Can I suggest that if you've got problems including "stalls for tens of seconds on disk reads" you are almost certainly better off directing available resources towards fixing your hosting problems, rather than going down the cache rabbit hole on a hosting platform that's not really suitable for production use?

(With caveats for zero resource projects of course, but even for those I strongly suspect for many people paying $5 or $10 per month for "less crap hosting" is probably a better solution that prematurely optimising by adding caching and all it's inherent complexity to a fundamentally broken platform)

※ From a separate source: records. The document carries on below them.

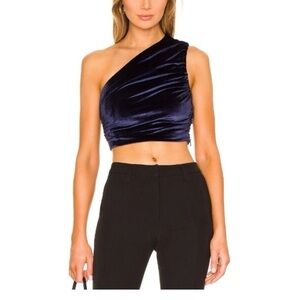 House of Harlow 1960 Navy Velvet One-Shoulder Crop Top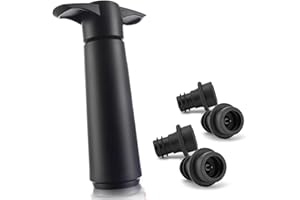 OUWO Wine Saver Pump with Vacuum Wine Stopper, Wine Bottle Stopper, Reusable Wine Preserver, Keep Wine Fresh (Wine Pump + 4 stoppers)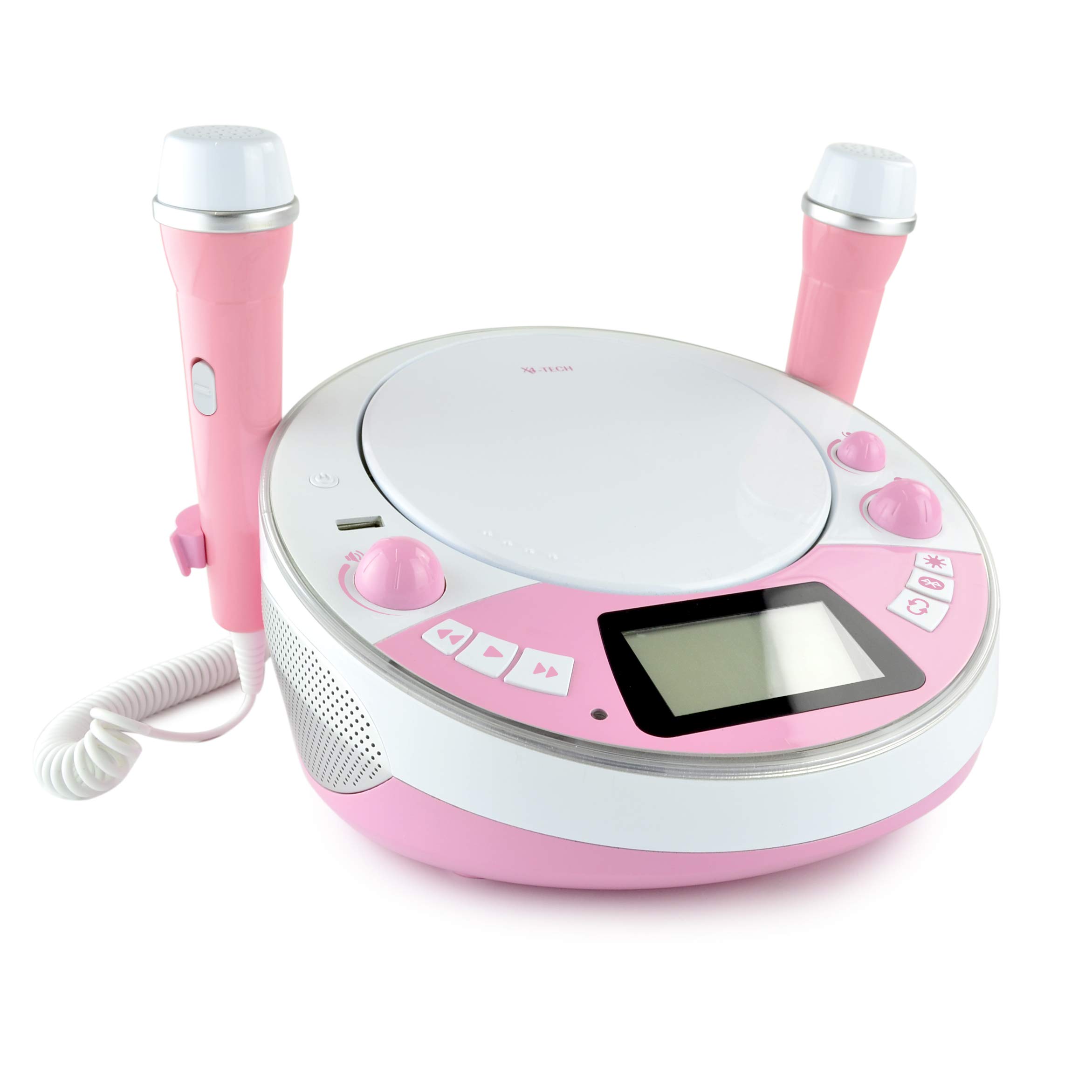 X4-TECH JamBox - CD & Bluetooth Lautsprecher für Kinder - inkl 2X Mikrofone, Sticker-Set und gratis Alarm - rosa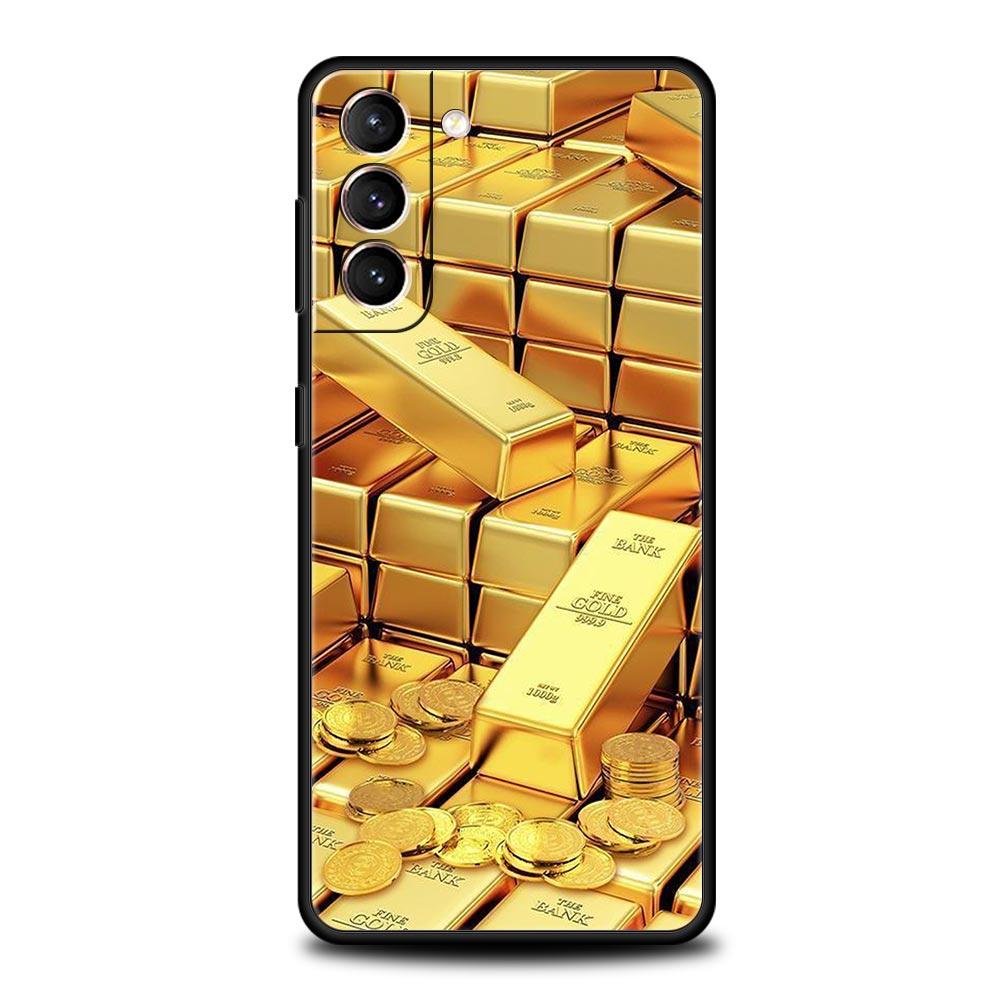 Goldenes Geldmuster Handyhülle Für Samsung Galaxy S25 Edge S24 S23 S22 S21 Ultra S20 FE 5G S10 S10E S9 Plus Weiche TPU-Abdeckung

There's nothing you or I can do about the trend. They put more and more cores into a machine and the same number of disks (current-model Xeon servers have 72 threads and 1 or 2 disks), which guarantees that, at some point, the disk is highly oversubscribed.
Sure - the "race to the bottom" for hosting prices inevitably means there's going to be options like GoDaddy offering "a year's worth of webhosting for $5" which clusters 400 WordPress and Drupal sites onto a single RaspberryPi or similar, but you don't _have_ to go there.

I can understand if you're an open source developer who gets paid in Uzbeki Som or Nigerian Naira, the calculation of "do I spend a day or two putting caching in place" versus "do I spend an extra $50 or $100 per year on hosting" might lean very much the other way, but I suspect for the vast majority of HN readers, the prudent approach is "pay a hundred or two dollars a year for hosting before bothering to implement complex caching strategies".

In that sort of environment, I wouldn't be surprised if your app's internal cache ended up paged out anyway...
I don't allow swap on my machines, and I mlock executable pages, so I'd personally be surprised if anything was paged out.